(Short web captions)

* * * * * * *

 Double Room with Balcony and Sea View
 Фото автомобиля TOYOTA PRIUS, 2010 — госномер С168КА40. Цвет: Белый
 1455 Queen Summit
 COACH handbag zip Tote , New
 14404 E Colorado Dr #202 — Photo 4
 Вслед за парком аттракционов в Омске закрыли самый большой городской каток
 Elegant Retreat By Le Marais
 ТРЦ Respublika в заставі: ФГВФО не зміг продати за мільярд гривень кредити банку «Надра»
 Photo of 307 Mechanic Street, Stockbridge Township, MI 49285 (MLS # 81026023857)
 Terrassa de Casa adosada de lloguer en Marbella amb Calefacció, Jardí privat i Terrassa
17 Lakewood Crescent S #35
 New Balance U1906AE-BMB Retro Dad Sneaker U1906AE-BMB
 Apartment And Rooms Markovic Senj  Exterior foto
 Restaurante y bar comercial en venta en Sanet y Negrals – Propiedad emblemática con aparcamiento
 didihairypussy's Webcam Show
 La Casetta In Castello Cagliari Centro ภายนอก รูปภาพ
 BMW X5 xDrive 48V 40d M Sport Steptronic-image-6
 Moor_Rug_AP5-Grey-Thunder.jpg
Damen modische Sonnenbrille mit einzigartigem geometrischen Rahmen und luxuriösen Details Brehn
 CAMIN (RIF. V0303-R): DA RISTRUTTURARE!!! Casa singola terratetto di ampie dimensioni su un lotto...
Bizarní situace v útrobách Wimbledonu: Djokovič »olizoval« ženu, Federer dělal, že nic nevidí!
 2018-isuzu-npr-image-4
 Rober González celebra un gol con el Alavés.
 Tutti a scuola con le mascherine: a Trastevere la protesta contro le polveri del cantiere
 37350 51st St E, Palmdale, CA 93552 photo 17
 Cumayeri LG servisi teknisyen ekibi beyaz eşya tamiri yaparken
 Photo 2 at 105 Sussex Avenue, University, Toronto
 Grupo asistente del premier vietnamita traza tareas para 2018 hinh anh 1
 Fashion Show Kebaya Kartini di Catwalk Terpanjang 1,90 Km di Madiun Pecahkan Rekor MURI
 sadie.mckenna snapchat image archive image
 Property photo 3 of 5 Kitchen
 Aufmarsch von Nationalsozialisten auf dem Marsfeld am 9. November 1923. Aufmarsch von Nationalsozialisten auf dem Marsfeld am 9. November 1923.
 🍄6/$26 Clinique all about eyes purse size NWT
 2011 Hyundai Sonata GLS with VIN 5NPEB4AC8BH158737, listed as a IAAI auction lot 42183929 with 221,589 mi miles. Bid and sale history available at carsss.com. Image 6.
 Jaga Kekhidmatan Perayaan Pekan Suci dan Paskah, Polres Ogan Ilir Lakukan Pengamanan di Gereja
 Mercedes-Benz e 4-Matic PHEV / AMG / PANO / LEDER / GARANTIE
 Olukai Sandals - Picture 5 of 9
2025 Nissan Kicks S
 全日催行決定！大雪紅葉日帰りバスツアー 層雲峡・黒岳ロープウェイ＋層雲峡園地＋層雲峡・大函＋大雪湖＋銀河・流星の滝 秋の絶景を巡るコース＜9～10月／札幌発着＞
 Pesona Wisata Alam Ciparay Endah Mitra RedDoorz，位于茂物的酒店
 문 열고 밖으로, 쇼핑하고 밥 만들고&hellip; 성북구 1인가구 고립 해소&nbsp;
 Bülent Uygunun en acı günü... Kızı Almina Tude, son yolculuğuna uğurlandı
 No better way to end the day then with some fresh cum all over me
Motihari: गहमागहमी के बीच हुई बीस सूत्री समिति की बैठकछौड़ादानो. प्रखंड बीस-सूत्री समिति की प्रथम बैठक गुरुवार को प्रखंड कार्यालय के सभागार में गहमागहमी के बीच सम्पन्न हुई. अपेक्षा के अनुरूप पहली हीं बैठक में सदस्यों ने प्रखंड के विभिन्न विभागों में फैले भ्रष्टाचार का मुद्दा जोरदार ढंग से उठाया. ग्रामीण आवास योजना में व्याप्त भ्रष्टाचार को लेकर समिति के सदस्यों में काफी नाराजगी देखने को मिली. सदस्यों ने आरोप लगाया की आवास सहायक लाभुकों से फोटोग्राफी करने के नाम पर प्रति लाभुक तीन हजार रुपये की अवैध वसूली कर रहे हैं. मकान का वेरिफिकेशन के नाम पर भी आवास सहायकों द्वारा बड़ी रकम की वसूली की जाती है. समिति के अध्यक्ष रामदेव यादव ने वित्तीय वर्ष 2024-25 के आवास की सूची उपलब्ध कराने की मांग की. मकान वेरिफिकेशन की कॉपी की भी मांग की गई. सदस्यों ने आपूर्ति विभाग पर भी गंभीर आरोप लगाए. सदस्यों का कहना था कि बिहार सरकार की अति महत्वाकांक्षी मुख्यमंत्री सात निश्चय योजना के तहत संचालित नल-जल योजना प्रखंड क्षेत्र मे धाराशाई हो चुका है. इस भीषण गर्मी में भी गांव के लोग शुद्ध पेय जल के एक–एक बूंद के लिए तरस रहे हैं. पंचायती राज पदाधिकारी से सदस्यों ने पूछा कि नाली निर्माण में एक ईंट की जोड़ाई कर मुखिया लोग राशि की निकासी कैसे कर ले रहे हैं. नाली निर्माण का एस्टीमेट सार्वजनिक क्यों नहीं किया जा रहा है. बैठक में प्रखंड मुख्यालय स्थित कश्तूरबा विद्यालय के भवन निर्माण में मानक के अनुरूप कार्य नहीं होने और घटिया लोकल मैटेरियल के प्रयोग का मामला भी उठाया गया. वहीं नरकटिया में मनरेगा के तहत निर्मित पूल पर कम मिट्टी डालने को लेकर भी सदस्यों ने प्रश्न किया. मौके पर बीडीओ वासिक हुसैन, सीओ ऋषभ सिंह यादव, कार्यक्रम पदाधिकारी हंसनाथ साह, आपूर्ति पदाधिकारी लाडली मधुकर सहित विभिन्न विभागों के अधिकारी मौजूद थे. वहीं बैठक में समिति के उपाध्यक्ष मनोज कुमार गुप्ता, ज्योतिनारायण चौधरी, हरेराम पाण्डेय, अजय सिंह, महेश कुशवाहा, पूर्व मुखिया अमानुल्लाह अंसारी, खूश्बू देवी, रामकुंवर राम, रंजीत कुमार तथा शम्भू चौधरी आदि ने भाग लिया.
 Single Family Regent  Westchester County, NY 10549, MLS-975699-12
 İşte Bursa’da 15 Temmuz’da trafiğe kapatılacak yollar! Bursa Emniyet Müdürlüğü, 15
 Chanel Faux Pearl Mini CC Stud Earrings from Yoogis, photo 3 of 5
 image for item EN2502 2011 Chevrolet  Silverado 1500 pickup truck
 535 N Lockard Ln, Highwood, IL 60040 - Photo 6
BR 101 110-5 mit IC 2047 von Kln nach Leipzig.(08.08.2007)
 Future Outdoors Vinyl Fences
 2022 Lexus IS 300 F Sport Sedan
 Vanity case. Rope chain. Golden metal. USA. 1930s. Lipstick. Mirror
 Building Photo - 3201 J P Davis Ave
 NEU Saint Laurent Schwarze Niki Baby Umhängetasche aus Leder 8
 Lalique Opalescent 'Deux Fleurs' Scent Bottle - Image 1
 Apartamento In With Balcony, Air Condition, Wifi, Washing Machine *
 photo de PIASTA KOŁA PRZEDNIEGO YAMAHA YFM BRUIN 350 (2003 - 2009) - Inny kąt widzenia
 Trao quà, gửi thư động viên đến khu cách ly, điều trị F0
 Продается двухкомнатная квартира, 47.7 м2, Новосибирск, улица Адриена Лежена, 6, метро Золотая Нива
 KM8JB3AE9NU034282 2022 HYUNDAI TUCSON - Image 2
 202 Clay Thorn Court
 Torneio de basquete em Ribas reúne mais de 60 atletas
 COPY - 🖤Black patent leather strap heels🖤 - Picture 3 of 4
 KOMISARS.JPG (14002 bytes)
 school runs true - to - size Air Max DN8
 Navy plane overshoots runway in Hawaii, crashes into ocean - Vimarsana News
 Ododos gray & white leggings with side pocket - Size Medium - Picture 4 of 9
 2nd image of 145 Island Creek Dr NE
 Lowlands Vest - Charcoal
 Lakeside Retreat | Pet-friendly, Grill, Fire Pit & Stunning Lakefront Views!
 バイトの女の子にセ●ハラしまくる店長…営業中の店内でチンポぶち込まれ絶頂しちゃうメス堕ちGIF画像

* * * * * * *

**What to produce:** Beginning at the line with "Terrassa de Casa" and stopping after the line with "CAMIN (RIF. V0303-R): DA", please write out every line of the data above exactly and nothing else.

**Reply:**
 Terrassa de Casa adosada de lloguer en Marbella amb Calefacció, Jardí privat i Terrassa
17 Lakewood Crescent S #35
 New Balance U1906AE-BMB Retro Dad Sneaker U1906AE-BMB
 Apartment And Rooms Markovic Senj  Exterior foto
 Restaurante y bar comercial en venta en Sanet y Negrals – Propiedad emblemática con aparcamiento
 didihairypussy's Webcam Show
 La Casetta In Castello Cagliari Centro ภายนอก รูปภาพ
 BMW X5 xDrive 48V 40d M Sport Steptronic-image-6
 Moor_Rug_AP5-Grey-Thunder.jpg
Damen modische Sonnenbrille mit einzigartigem geometrischen Rahmen und luxuriösen Details Brehn
 CAMIN (RIF. V0303-R): DA RISTRUTTURARE!!! Casa singola terratetto di ampie dimensioni su un lotto...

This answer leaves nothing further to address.